Many advanced stats, including RPM, don't answer "why" the numbers are the way they are. As Ian said, "why" matters just as much or more as the "what."
But this is exactly my personal major issue with almost all of these "models" that claim to help us answer which players are the best in the league or which college players will best translate their games to the pros.
It just doesn't work that well. This isn't a knock on anyone who attempts to find those answers, it's just the nature of the sport of basketball. There are so many variables that can't be accounted for, try as we might to figure them out. Numbers never lie, but they can be misleading, which could be the case with RPM.
Companies like Vantage Sports are working diligently to quantify certain "invisible" plays in basketball (like close outs and screens), but it'll be years before that data is publicly available. But once it is, it'll be game-changing.

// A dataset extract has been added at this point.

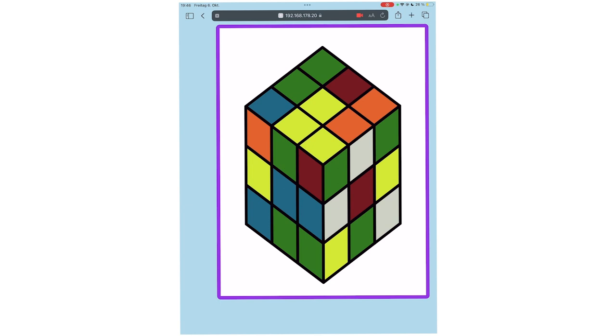On rare occasions the color detection may not work reliably. For example, if the lighting conditions were insufficient when taking the picture. For this case I implemented a manual color correction.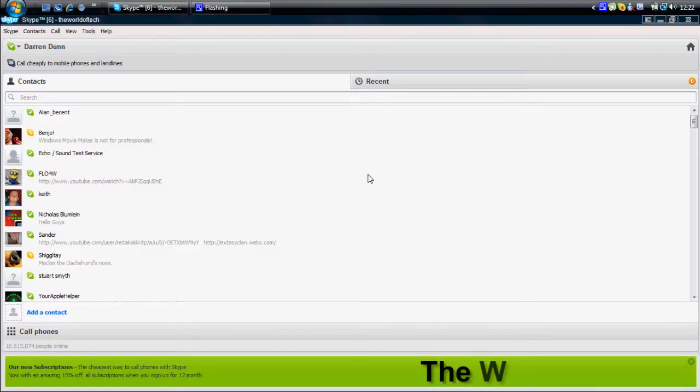Hello, welcome back to the World of Tech. My name is Darren Dunn and today we're going to be looking at Skype 5.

Until then, I'd love to see more emphasis placed on the technical aspect of basketball. I think stats combined with film study can help answer the "why," in addition to the "what."
I first started tinkering with this idea last December with my "Driving Jeff Green" article, and then with my stupidly long pick-and-roll series from early March. In both of these articles, I wanted to answer "why" and "how" the Celtics performed the way they did by using a combination of film and stats, and not just the numbers themselves, which is the "what."
How Kelly Olynyk found the flow with his three-point jump shot
Rookie center Kelly Olynyk struggled from three-point range to start the season, but he has since become a consistent threat. How has he done it?
But I think I really figured out how I wanted to attack this with my recent Kelly Olynyk and Rajon Rondo studies. On my Olynyk piece, I watched all of his three-point jumpers and recorded if he used "the hop" or "the one-two" on his attempts.
I recommend reading the entire article, but I basically found that he has used the hop more during the second half of the season, which has played a significant role in increasing his production from three. I believe this fact helps answer why Olynyk has been so damn good offensively as of late.
Is it definite? No, of course not, but even Kelly was intrigued by the stats when I showed him before a game in mid-March.
And with my Rajon Rondo article, I found a large disparity between his first free throw attempt and any tries after that. His stats have been consistently terrible over the years on his first attempt, but he has gradually gotten better on his second or third tries. Why? Well, I think it might be because of his constantly changing routine, and the stats support that theory.
These are the types of stats that interest many players and teams, though the fans may not care for them since they are "too nerdy" or "too technical."
But the public does care about seeing their favorite team's players improve, and they certainly care about proper transactions being made. I think these types of "technical statistics" should be more widespread, as they may help player development or certain personnel changes.
We've seen bits and pieces of this with Synergy (for example, if a player is coming off a screen or spots up), but not so much with the technical aspect (for example, the hop or the one-two). Perhaps some NBA teams do track this, but it requires a large amount of time, which currently may be dedicated elsewhere.
I am taking this conversation away from the root of what Ian was writing about, but combining film study and statistics could be more useful to NBA organizations than the current road advanced analytics seems to be going down. It's fantastic that ESPN is pushing advanced stats with Real Plus-Minus, but we're still so far away from having one single be-all and end-all statistic.
With that said, I'd love to see some progression with technical stats that attempt to answer the "why" more than the "what." As Ian Levy said, the reason why I watch and write about basketball is because of the "why."